**Exercise prompt:**
Images in the data are to be skipped, while every line is restated exactly as written.

*** Dataset excerpt ***

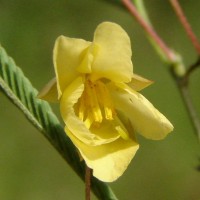 Chamaecrista mimosoides (L.) Greene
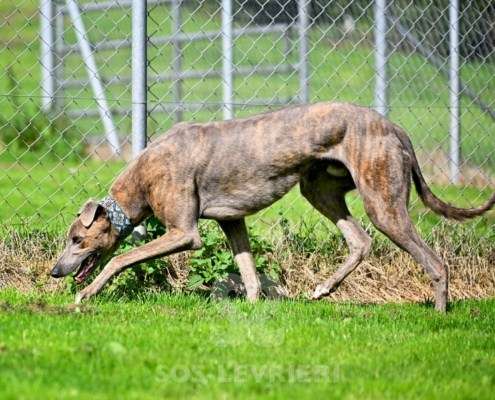 Ranger-Greyhound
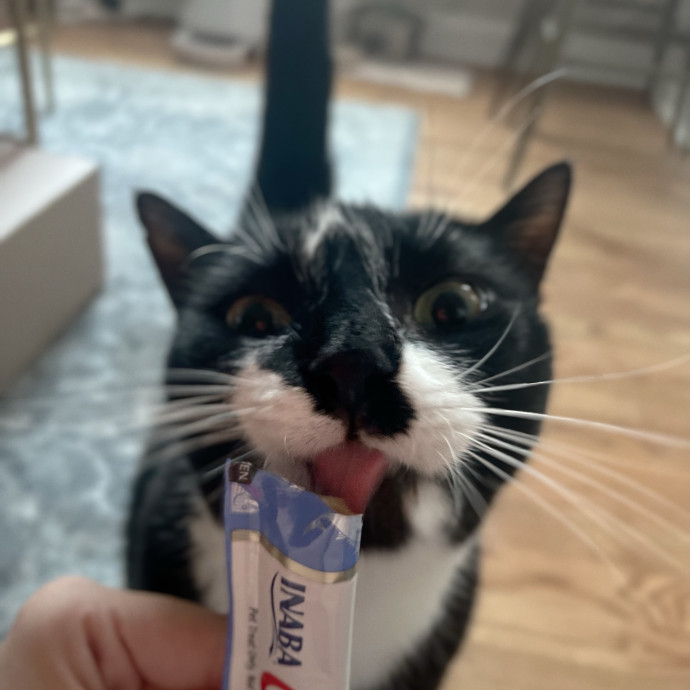 Loving Care From Your Local Cat Pal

*** End of Dataset excerpt ***

**Response:**
 Chamaecrista mimosoides (L.) Greene
 Ranger-Greyhound
 Loving Care From Your Local Cat Pal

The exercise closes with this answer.